Questa recensione è apparsa sull’Indice di gennaio.
È una rete, questo romanzo di Paolin, è l’intreccio dei ricordi del protagonista, Demetrio, dapprima giornalista incapace di rinunciare alle proprie velleità letterarie e infine addetto stampa d’un sindacato, strumento docile che s’affida alla mano altrui; Paolin percorre fili di memoria che si incrociano e formano nodi cruciali, lambisce il presente, accompagna Demetrio nel suo peregrinare mentale tra familiari e amici, tra forme di vita diverse e figure simboliche, talvolta incontrate realmente, come Renato Curcio, talvolta, come Mohamed Atta e la ragazza, immaginate e ricostruite nella loro psicologia.
Il titolo del libro identifica due poli: il nome e la legione, l’individuo e la moltitudine, Demetrio e il mondo. Così ogni polo racchiude in sé anche l’altro: Demetrio è tutte le persone che ama, che incontra, che immagina, che ha veduto, Demetrio è Legione, e la legione, la folla degli individui, è un individuo, un’unica sostanza, un dio che ha scelto di divenire carne, dissezione, possibilità d’errore biologico e morale. Creature che si compenetrano attraverso il sesso, la procreazione, l’alimentazione, il trapianto, ibridismi di corpi impazziti che deragliano da un campo morfico all’altro: Il mio nome è Legione racconta – ed è – un unico, traboccante dio di materia che si incontra e si scontra con se stesso, in se stesso, senza soluzione.
È una percezione del mondo che l’accostamento analogico degli episodi alimenta. Paolin narra un viaggio non lineare attraverso l’immenso e pressante corpo divino, intrapreso da quella parte del corpo divino che è Demetrio, un viaggio durante il quale, inesorabilmente, si dissolve come un’illusione il principio di individuazione, e non si distinguono più il male commesso e il male subito, che sono lo stesso male, commesso e subito da un’unica sostanza.
Talvolta il logos di Paolin sale e batte contro la barriera del cielo, che nessuna ascesi può varcare. Al di là è il principio impersonale del dio, totalmente trascendente, completamente altro dall’essere. Tutto ciò che può dirsi davvero esistente si trova al di qua del cielo, s’è fatto mondo abbandonando la perfezione del nulla, incarnandosi. Al nulla si immola Mohamed Atta scagliandosi contro una delle Torri gemelle, mentre appaiono grotteschi i personaggi dei medium, come la signora che parla con Vittorio Alfieri, il Cristo di Quattordio: sono malintesi, scadimenti della trascendenza in pseudofisica, arroganti e offensivi di fronte a un male muto e immane che tragicamente accade ovunque.

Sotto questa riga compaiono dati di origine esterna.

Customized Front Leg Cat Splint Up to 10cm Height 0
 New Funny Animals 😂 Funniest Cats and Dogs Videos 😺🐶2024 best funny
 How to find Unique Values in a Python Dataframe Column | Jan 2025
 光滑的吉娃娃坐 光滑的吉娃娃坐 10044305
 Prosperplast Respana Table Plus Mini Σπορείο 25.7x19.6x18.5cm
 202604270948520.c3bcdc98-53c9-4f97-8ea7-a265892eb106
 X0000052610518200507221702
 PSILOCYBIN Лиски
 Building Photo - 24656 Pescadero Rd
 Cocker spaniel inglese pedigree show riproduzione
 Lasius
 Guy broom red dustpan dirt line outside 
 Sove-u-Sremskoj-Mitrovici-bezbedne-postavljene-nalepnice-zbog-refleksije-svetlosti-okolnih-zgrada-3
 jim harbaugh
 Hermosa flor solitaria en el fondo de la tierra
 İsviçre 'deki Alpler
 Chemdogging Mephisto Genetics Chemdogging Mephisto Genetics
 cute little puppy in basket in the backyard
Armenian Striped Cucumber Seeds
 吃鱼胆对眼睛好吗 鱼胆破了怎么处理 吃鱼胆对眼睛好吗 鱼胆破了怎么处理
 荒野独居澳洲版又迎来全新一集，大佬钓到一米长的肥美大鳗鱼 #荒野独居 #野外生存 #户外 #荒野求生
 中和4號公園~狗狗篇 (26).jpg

Ma il romanzo, non di meno, cresce: è una progressiva e infine completa accettazione dell’esistenza del male, inevitabile e necessaria perché «Come possiamo amare qualcosa che è già salvo? Come possiamo amare qualcosa che non sia imperfetto, fragile e perduto? Si ama solo ciò che è male, solo ciò che è toccato dal male, nella speranza che l’amore redima e tolga». È dunque degna d’amore persino la crudeltà, rappresentata nella sua naturalezza infantile da Tomacek, il ragazzino che emerge costantemente dalla memoria di Demetrio.
E tuttavia nel dolore non si nasconde alcuna gnosi. Per Demetrio il male naturale è ciò che la grazia è per tutti gli altri: alle tentazioni del misticismo e della mortificazione Paolin contrappone una cognizione del male razionale e discorsiva, umana e terrena; e più dell’esperienza del male nella sua immediatezza emotiva, Il mio nome è Legione registra gli effetti emotivi di una lenta accettazione della cognizione razionale del male.